Глаза и уши двух сердец

Александр Михайловъ
Недавно мы с Шурой справили золотую свадьбу. Жизнь прожили непростую, как и всё наше поколение. Государственный каток репрессий дважды прокатился по моей семье. Отец был арестован. Мать ездила хлопотать к М. И. Калинину, тот помог. Отца освободили, но в 1935 году он умер. По наговору репрессировали и деда, сослав его в 1933 году на север. Жила семья в Калинине. Когда началась война, мама пропала, а я с братом матери, взявшим меня на воспитание, поехал в эвакуацию. Долго шли пешком. Затем сели на поезд, доехали до Ярославля. Там дядя, который был преподавателем русского языка и литературы, привёл меня в милицию: вот, мол, пристал ко мне парень, куда его девать? И ушёл. Меня как беспризорника отправили в детский приют-распределитель. Там я перезимовал, а весной подростков 13-14 лет отправили вручную добывать торф.

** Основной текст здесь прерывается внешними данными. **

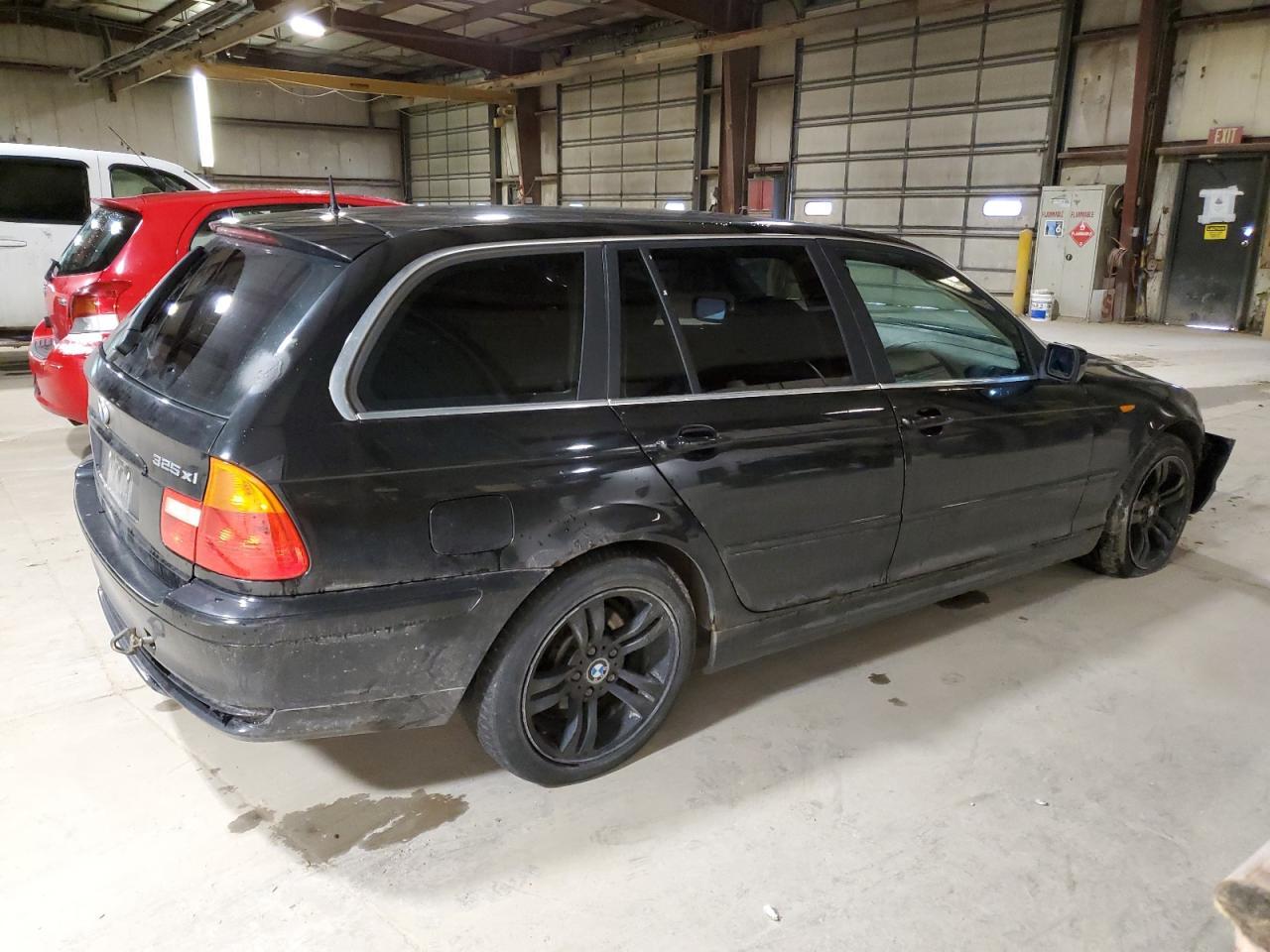 2002 BMW 325 Xit - Фото 3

К осени большинство из нас разбежалось. Я тоже удрал. Прибился в Удомлю к тёте Анфисе, маминой сестре. Она вскоре умерла. На похороны приехал её муж (через месяц и сам умер), служивший в Арзамасе-2. Он устроил меня в железнодорожное училище. На железную дорогу принимали только совершеннолетних, а мне по окончании училища было всего шестнадцать. Меня послали на Урал. Целый месяц ехал на товарняке вместе с другой молодёжью. Нас отправили на рудник, где добывали хромовую руду. Небольшой посёлок при руднике строили спецпереселенцы. Здесь я научился премудростям профессии электрика. Сменил ещё несколько специальностей и мест жительства. Закончил техникум. В 1952 году вернулся на родину в Калинин. Родной город встретил чистым небом, но на месте нашего дома стояло новое здание. Я уехал в деревню, где жила мамина сестра. В этой деревне и повстречался со своей «дамой». Она жила через дом. Поженились.

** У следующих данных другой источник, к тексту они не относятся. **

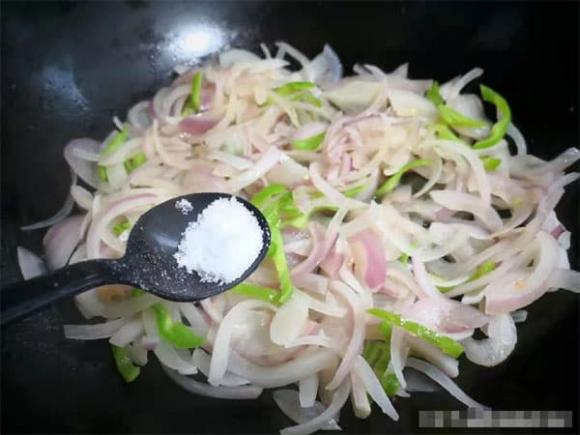 trứng xào, hành tây, món ngon mỗi ngày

Шуре досталось в детстве не меньше моего. Отца убили на фронте. Осиротело пятеро детей, Шура старшая. Когда ей было тринадцать, послали работать на лесоповал. Там её чуть не раздавило. Потом в колхозе пахала на себе, обвязавшись верёвками. Когда исполнилось пятнадцать, направили на торфоразработки... Где только ещё не трудилась...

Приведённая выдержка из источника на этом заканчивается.